The paper makes a systematic and detailed evaluation of two main stages of bag-of-words (BoW) modeling for computer vision. BoW is an accepted technique in computer vision to represent vocabularies of image features. The authors explore the mid-level coding of image descriptors and pooling steps.
The first part of the paper provides a thorough review of four mid-level coding approaches: soft assignment, its extension approximate locality-constrained soft assignment (LcSA), sparse coding (SC), and approximate locality-constrained linear coding (LLC). The authors analyze the accuracy and speed of coding each of these schemes, and suggest several interesting solutions to improve the system’s performance. For instance, minimizing the residual error of approximation of a descriptor vector proves useful for optimally setting the coding parameters. This fact is discussed and expressively illustrated. The authors also propose a fast hierarchical nearest neighbor search based on a compact dictionary of the l-nearest neighbors.

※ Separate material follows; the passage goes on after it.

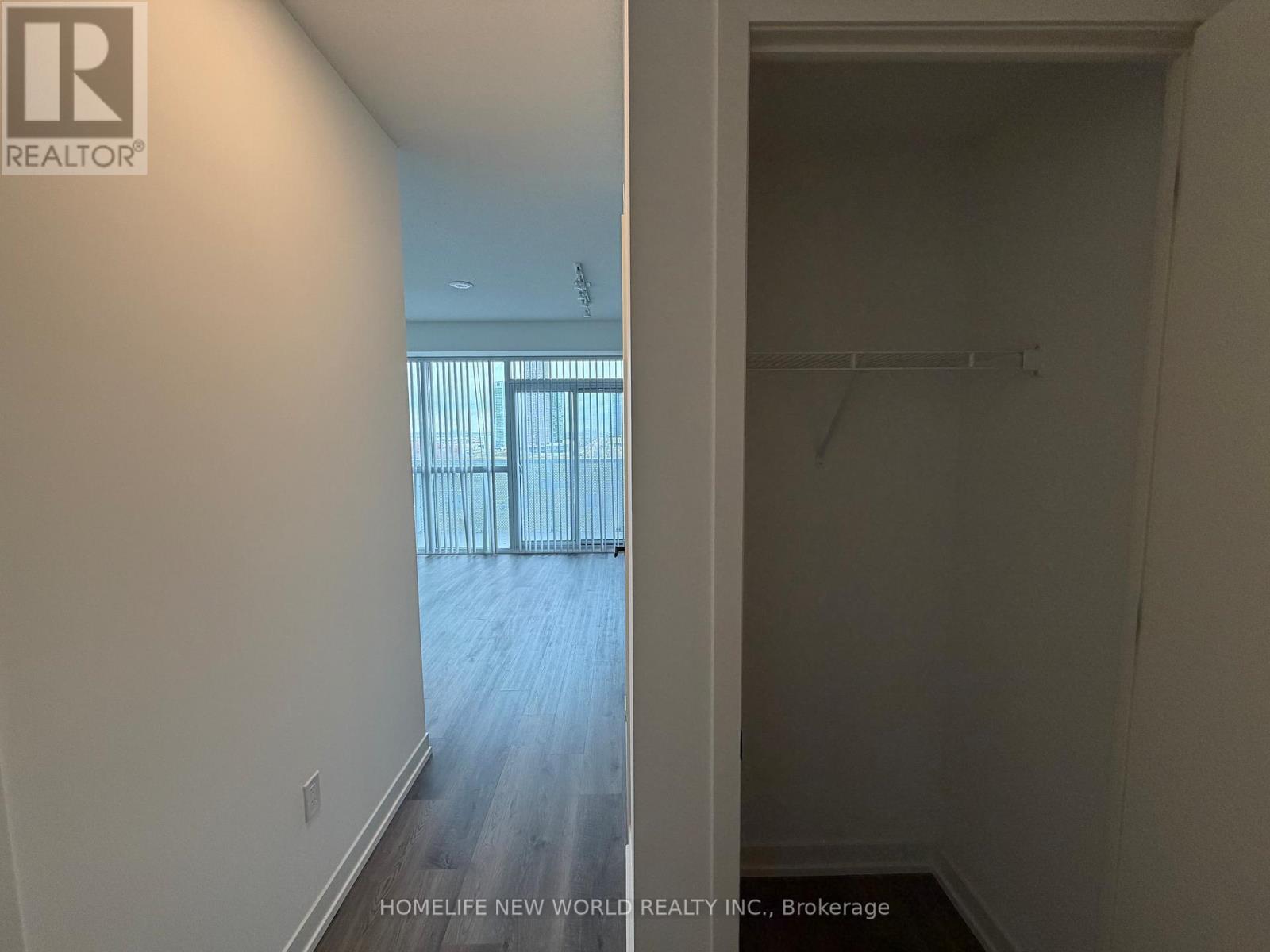 1506 - 8 Interchange Way, Vaughan, ON - Indoor Photo Showing Other Room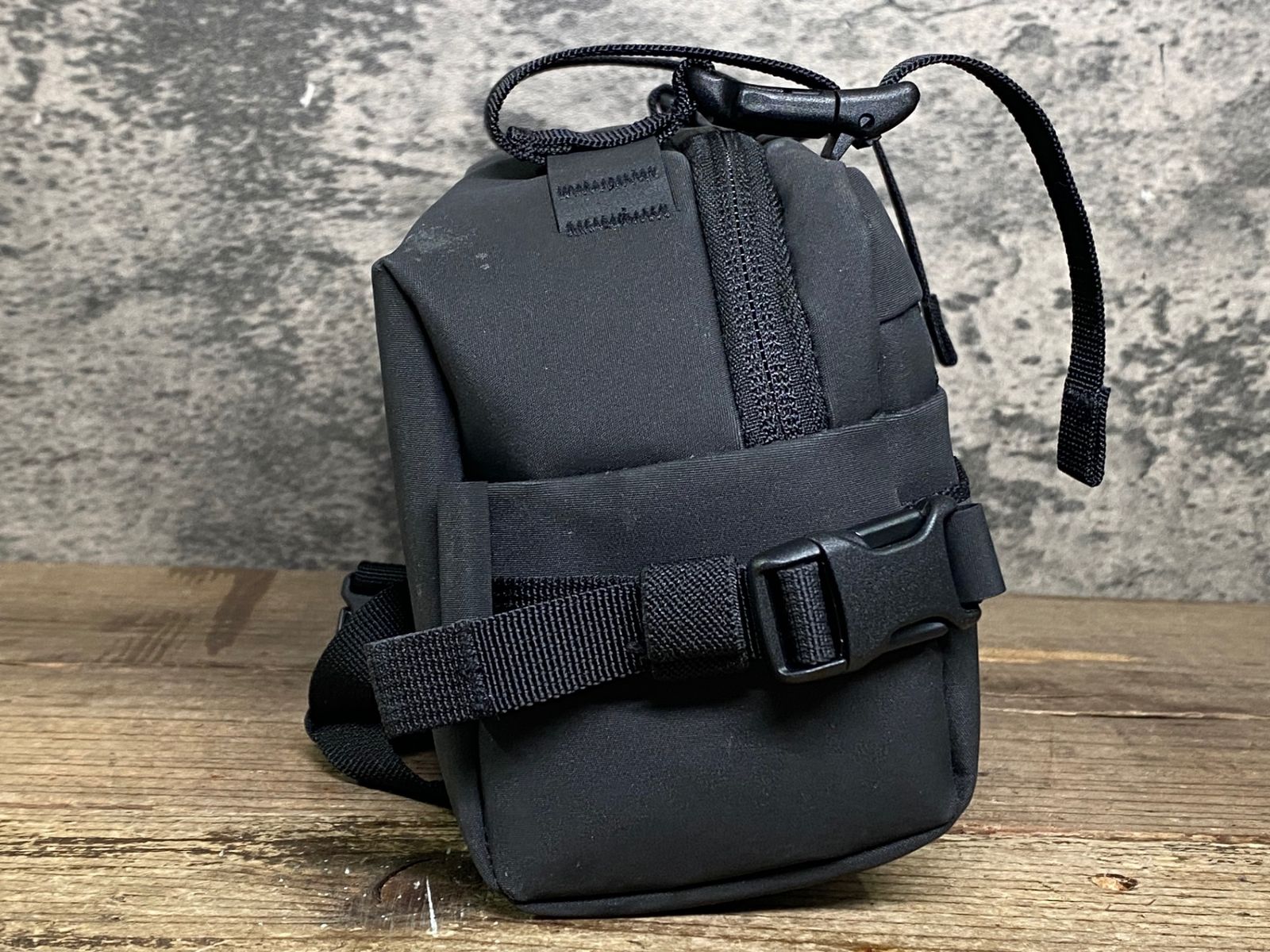 Rapha ラファ Bar | ラファのハンドルバーバッグに を購入| Rapha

The third section represents an exhaustive exploration of six pooling methods: average, max-pooling, power normalization, theoretical expectation of max-pooling and the probability of at least one particular visual word being present in an image, Lp-norm as a tradeoff between average and max-pooling, and mix-order max-pooling. The paper introduces a new scheme to supplement the max approach, and demonstrates its value by assessing cross vocabulary leakage and descriptor interdependence. The experimental section evaluates the performance of the four mid-level approaches in the framework of the mentioned pooling methods and on a range of datasets. The authors outline the benefits of the suggested improvements for the classification results.
The paper’s sound investigation and proposed solutions represent a significant and valuable contribution. It is appropriate for researchers and designers of image recognition applications.